La dynamique commerciale déborde jusque sur le trottoir, devant le marché, côté ville.



Pour que personne ne reparte le sac vide, il y a aussi des tissus, des vêtements, …

… et des fleurs.


Bien sûr, il y a de quoi s’assoir pour se raconter des histoires.








CARENAGE




Mardi 24 mai : départ pour l’autre côté de la baie de Mele : le capitaine a trouvé un chantier pour me sortir de l’eau.

Je peux enfin rêver à des dessous propres. 



Un mile et demi de navigation pour s’y rendre : nous longeons l’île de Ifira dans Pontoon Bay …

… et arrivons face à Tumow.

Pour l’instant, je ne vois que de la végétation et pas la moindre grue.


Après la plage, derrière le portail, dans les arbres, il y a le « boat yard ».

Pas de grue ni de travel lift, mais un charriot modulable à volonté.

Quatre plots de bois, recouverts d’une jolie moquette bleue, sont positionnés à mes mensurations sous-marines.







Le personnel me prend en charge tant sur le pont …


… que sous la flottaison.

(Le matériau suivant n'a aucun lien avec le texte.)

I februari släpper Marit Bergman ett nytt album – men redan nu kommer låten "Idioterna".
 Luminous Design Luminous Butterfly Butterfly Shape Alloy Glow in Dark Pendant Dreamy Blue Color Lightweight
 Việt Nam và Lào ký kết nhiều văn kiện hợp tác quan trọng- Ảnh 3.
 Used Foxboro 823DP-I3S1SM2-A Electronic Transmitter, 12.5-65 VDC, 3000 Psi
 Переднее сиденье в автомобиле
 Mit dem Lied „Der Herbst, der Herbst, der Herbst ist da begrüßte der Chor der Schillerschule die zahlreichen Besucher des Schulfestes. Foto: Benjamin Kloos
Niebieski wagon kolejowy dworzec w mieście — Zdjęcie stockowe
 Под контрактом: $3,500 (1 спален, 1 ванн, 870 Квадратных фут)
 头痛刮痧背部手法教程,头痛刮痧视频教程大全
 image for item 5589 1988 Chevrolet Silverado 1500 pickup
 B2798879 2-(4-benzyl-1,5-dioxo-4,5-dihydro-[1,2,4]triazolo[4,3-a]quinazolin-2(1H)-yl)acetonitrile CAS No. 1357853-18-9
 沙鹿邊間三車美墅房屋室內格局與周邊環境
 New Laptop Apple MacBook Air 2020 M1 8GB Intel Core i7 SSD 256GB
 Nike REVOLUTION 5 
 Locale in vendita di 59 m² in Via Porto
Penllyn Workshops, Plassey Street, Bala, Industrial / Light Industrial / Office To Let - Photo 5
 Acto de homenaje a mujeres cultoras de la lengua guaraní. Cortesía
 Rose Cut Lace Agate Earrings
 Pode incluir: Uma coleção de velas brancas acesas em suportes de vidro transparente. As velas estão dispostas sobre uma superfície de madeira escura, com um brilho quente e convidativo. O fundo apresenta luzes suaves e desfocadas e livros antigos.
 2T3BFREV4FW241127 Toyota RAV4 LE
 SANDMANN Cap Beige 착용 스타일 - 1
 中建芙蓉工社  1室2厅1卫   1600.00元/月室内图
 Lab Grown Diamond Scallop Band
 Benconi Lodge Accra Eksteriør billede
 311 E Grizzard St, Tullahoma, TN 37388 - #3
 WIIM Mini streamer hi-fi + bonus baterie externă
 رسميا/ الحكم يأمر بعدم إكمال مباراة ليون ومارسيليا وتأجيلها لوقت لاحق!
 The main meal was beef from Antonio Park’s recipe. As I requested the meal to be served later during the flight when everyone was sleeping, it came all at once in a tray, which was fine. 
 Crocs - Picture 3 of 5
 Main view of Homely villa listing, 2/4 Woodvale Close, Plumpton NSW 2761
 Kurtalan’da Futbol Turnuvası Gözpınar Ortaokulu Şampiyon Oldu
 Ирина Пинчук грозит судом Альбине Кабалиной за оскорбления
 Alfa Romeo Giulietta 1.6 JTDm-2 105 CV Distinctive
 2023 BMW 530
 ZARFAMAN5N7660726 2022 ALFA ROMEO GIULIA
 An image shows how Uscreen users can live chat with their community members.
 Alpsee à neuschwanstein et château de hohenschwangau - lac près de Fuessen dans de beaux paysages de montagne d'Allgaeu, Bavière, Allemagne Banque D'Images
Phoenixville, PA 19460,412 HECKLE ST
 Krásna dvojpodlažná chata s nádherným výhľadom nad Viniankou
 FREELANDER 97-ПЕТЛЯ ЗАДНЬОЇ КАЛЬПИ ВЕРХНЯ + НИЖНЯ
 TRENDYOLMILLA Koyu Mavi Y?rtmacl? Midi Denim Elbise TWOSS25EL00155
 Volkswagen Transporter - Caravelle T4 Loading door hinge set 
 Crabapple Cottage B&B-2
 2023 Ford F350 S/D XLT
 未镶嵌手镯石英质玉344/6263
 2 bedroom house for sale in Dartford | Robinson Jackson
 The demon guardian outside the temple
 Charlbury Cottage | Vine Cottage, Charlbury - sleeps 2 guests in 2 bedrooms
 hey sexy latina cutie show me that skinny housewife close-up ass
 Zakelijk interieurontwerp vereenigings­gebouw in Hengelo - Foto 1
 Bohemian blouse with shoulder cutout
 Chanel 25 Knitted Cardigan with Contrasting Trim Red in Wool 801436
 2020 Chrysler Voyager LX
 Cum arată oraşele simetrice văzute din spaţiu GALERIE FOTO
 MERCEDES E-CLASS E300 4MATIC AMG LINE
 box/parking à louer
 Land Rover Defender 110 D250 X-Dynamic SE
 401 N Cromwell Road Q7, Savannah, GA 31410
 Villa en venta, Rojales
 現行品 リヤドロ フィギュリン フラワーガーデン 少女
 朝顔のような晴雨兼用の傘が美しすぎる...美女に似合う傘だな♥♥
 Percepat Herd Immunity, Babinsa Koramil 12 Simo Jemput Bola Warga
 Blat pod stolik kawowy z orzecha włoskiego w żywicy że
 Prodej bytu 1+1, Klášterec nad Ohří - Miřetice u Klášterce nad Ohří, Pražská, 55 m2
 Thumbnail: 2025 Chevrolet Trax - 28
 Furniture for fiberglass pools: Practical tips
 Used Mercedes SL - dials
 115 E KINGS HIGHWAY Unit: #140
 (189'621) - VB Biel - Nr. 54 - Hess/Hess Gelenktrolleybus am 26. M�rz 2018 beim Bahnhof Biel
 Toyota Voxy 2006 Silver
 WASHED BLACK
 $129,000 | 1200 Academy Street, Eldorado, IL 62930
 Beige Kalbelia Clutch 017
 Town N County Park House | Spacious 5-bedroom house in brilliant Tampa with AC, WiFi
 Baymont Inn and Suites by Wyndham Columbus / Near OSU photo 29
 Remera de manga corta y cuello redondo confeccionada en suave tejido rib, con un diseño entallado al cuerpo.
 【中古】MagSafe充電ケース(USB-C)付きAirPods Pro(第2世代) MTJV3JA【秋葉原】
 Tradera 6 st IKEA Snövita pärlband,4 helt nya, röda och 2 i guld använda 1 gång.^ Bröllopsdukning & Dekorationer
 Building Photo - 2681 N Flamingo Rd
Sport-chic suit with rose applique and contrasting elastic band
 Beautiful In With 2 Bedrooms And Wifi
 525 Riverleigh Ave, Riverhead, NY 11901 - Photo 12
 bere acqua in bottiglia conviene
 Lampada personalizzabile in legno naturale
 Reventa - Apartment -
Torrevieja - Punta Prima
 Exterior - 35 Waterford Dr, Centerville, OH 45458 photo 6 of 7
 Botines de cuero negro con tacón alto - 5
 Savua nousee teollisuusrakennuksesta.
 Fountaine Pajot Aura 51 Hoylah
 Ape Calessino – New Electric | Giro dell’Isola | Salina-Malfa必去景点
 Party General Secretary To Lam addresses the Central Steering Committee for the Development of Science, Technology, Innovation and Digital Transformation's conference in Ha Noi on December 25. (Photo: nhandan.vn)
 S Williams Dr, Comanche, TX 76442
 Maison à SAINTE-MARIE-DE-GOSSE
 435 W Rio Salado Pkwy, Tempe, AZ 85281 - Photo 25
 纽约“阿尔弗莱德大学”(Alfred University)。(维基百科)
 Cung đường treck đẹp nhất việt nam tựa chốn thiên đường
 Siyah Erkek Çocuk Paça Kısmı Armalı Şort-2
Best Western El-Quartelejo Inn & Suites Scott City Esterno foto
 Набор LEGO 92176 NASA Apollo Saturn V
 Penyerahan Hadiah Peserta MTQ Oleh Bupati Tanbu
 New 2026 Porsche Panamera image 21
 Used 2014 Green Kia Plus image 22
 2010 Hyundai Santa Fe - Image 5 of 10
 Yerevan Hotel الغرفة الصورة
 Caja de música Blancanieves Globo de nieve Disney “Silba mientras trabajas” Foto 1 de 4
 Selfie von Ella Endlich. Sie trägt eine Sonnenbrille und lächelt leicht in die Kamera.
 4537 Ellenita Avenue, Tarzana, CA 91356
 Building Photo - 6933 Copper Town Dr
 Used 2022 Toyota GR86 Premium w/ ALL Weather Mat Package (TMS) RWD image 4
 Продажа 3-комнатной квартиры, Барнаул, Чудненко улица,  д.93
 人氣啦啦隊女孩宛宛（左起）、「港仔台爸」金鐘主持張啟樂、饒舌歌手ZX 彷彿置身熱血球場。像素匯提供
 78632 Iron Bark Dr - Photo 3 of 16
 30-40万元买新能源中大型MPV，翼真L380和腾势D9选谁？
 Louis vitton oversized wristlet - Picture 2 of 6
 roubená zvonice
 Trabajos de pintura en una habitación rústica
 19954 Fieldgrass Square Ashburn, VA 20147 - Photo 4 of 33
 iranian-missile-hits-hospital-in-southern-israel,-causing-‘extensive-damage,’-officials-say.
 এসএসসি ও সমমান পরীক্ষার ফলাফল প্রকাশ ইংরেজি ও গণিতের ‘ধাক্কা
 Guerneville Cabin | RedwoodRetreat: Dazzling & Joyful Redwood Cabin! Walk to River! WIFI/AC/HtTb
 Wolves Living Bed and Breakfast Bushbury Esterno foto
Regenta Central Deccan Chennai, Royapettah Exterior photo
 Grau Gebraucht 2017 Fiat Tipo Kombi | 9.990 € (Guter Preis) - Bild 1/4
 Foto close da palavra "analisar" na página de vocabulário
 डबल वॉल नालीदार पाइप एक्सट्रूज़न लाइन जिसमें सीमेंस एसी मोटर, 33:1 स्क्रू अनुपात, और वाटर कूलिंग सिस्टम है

Le travail de positionnement se fait avec masque, tuba et geste codifiés.



Lentement, le tracteur m’arrache à mon élément comme un catamaran de sport au retour de sa promenade dominicale.




Les lamaneurs amphibies ressortent de l’eau avec moi.


Franchissement du portail : il ne faut pas que je prenne des hanches sinon ça ne passe plus.


Le travail commence aussitôt après la pause de midi : grattage à la main des anciennes couches d’anti-fouling. Le gel-coat est mis à nu.



Puis un ponçage toujours manuel permettra une bonne adhérence de la peinture.

Un nettoyage au solvant complète le process.

J’ai vraiment l’impression d’être dans un salon de massage.




Deux couches de primaire époxy sont appliquées pour prévenir l’osmose.




En gris métal, mes carènes ressemblent au fuselage d’un avion de chasse.



Pour finir, deux couches d’anti-fouling rouge devraient me garantir des carènes aussi lisses qu’une peau de bébé pendant … longtemps espère le capitaine.
Profitant de ce séjour au sec, les hélices révisées, graissées, puis peintes au silicone. Toutes les anodes sont changées.

Les ailerons devant les hélices, qui avaient été allongés au Venezuela, retrouvent leur dimension d’origine.


Les panneaux, dit de survie, en aluminium sont changés par des panneaux en fibre de verre / époxy : plus discret et surtout insensible à la corrosion.
Mercredi 2 juin : retour à l’eau. Le tracteur me tire hors du chantier, toujours lentement mais surement.


Le capitaine doit au préalable régler la facture. 
Très douloureuse. Il avait été prévenu que le propriétaire du chantier avait tendance à gonfler les chiffres, mais là le montant est digne d’un chantier de très grand standing sur la côte d'Azur.
Dur à avaler mais il n’a pas le choix.


Je suis attendu de pieds fermes sur la plage.

Tout est prêt : aussières, masques de plongée, bateaux d’assistance.



Les peintres veillent sur mes œuvres vives pendant l’approche.




Les muscles des hommes aident parfois la machine : faut que ça passe.

J’entre tout doucement dans l’eau.
Pourtant elle n’est pas froide.

Retour au mouillage de Port Vila.

Les équipets se remplissent de pâté, de moutarde, de cassoulet et d’autres produits bien français qu’il sera ensuite difficile d’approvisionner.

A la poste, le Capitaine retire un gros colis en provenance d’Allemagne.



Yves entend un appel : normal, nous sommes le 18 juin.


C’est l'appel du large : tous les appels du 18 juin ne sont pas identiques.

Nous mettons le cap vers le nord et les autres îles de l’archipel des Vanuatu.








Au revoir Port Vila, capitale sans mendiant ni grosse limousine dans les rues.